Characteristics: Although the chemical constituents and moisture content of different biomass materials vary, the Pellet Fuel Institute (PFI) has identified common characteristics and developed fuel standards. These voluntary industry standards assure as much uniformity in the final product as is possible for naturally grown materials that become processed, but not refined fuel.


PFI graded fuel must meet tests for:
Density: consistency hardness and energy content
Dimensions: length and diameter to assure predictable fuel amounts and to prevent fuel jamming
Fines: limited amount of sawdust from pellet breakdown to avoid dust while loading and problems with pellet flow during operation
Chlorides: limited salt content to avoid stove or vent rustling
Ash content: important factor in maintenance frequency

Cost: In the US pellets are sold by the bag, by the ton and by the skid. The selling price varies by region, availability and season, just like heating fuels.


The average pellet stove user will consume at the rate of about one 40 pound bag of wood pellets every 24 hours for every 1500 square feet being heated. Pellet consumption varies depending on overall home efficiency and stove settings.

JonesCrusher
02-19-2007, 04:25 PM
One problem: One remaining problem is emission of fine dust in urban areas due to a high concentration of pellet heating systems. Electrostatic particle filters for pellet heaters have been developed and reduce the problem when installed as standard.



One of these filters would be a must with someone with resp. problems.

I am also intrigued by these pellets, I wonder if you could burn them on a campfire, maybe before going to sleep so coals remain in the morning or even for cooking since they would be low flame and high heat.

Yellowbutter72
02-24-2007, 02:05 PM
We looked at the inserts at a homeshow today and found one that burns the wood pellets, corn and sunflowers.
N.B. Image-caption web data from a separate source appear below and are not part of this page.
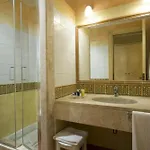 Sardinian-style 2 Bedroom Sleeps 7 פולה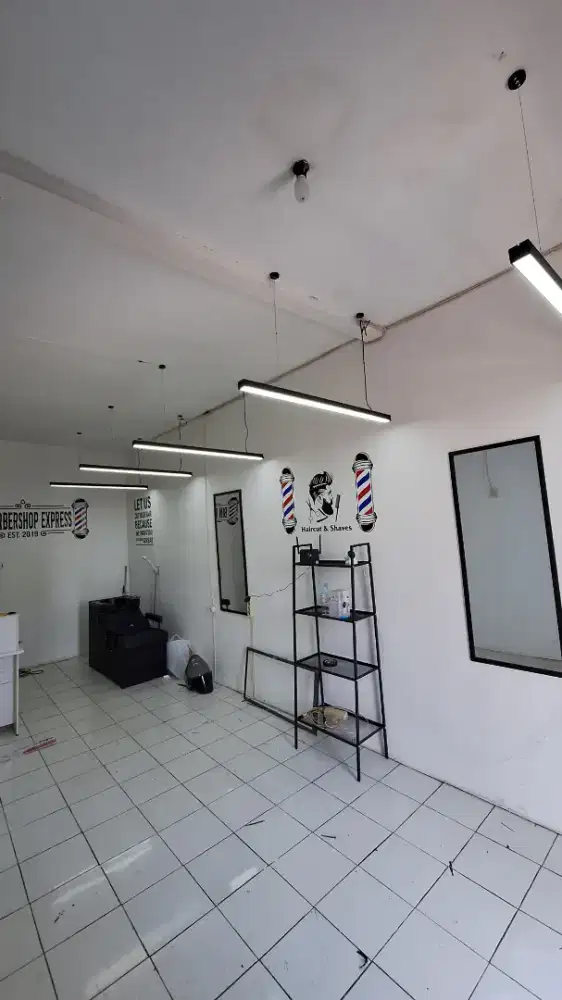 Loker Dicari capster potong rambut semi barber bandung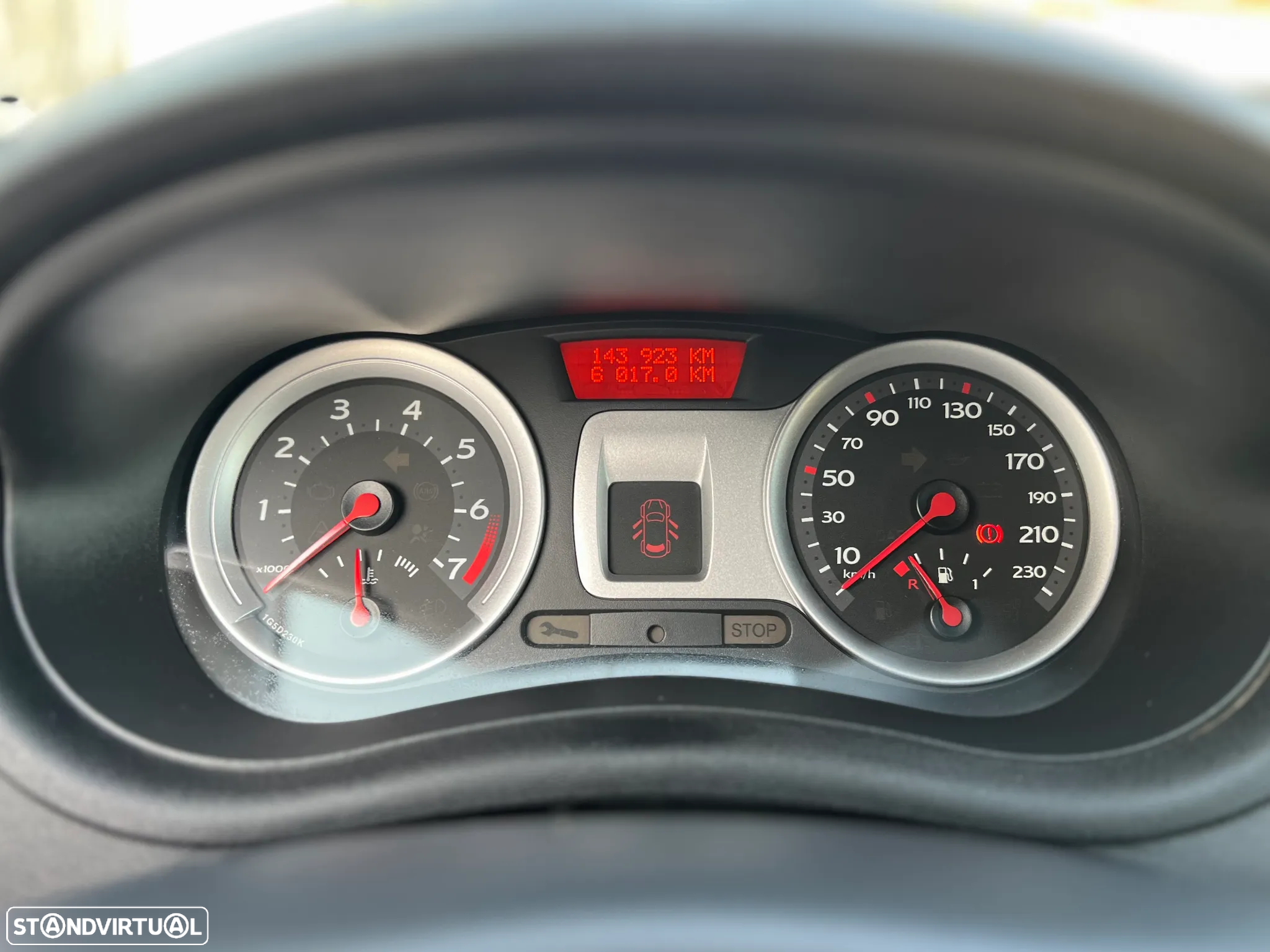 Renault Clio 1.2 16V Confort - 5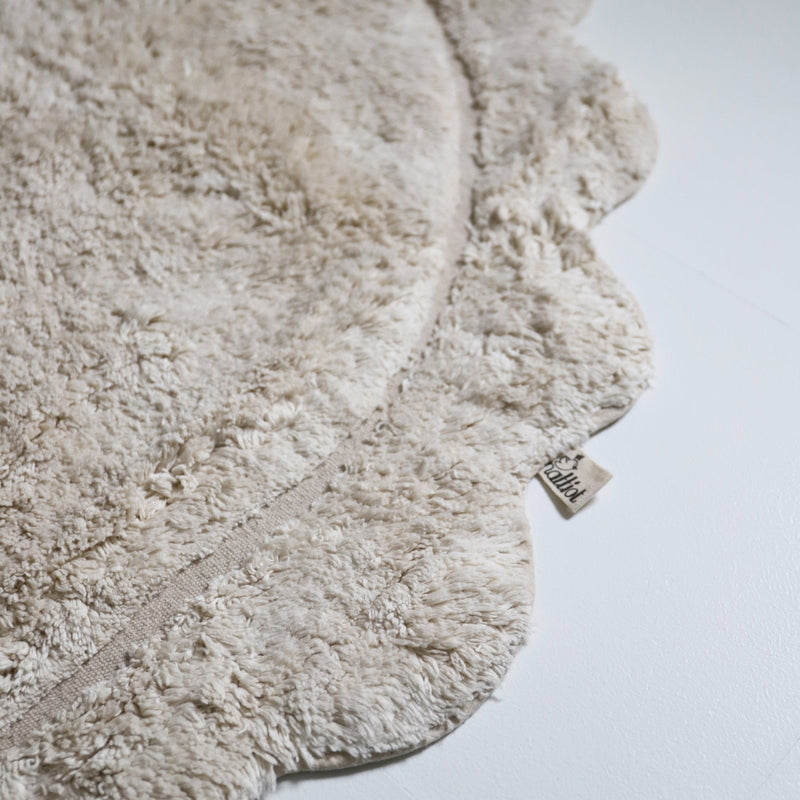 Alfombra infantil ovalada MARISA color crudo con borde en ondas 100x150cmCotonHome & Garden > Decor > Rugs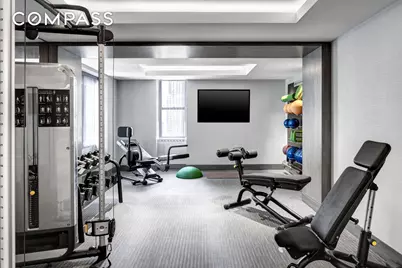 2 E 55th Street #935W39, New York City, NY 10022 - Photo 6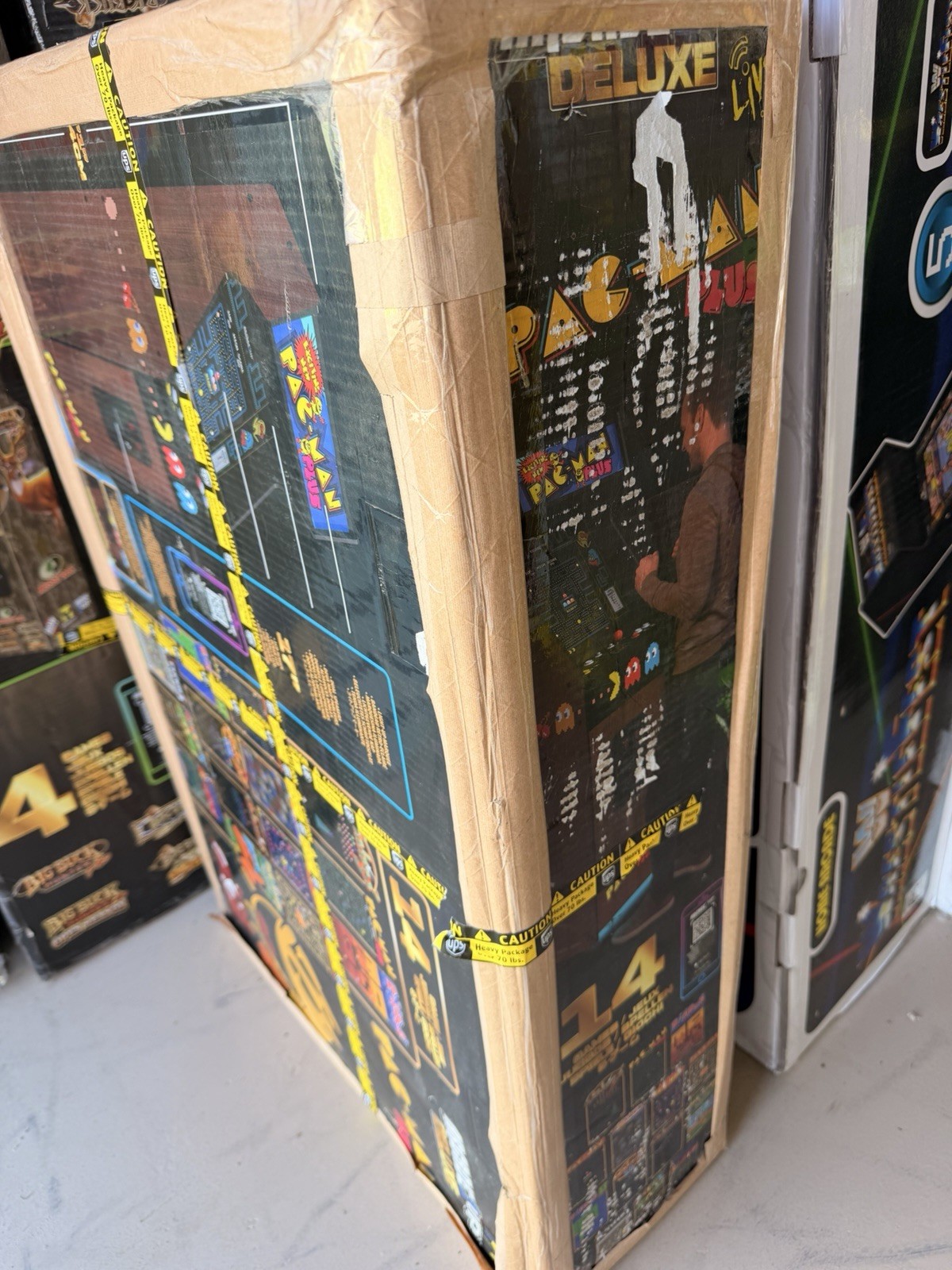 ARCADE 1UP PAC-MAN PLUS DELUXE (NEW) 🔥🔥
Also this one, if the electricity is out, you can hook it to a car or boat battery and it will keep the blowers going and the augurs feeding the pellets to burn. It was reasonably priced too.

MichaelH
02-24-2007, 02:13 PM
Wood pellets are the way to go if you want a long burn time. You only have to fill it a few times a week. My father used to heat his house with a coal stoker stove. It heated the entire house but left that awful white coal dust as a byproduct. Wood pellet stoves burn much cleaner. For someone that still wants to heat their house with wood but don't want the hassle of cutting, splitting and stacking logs, go with a wood pellet stove.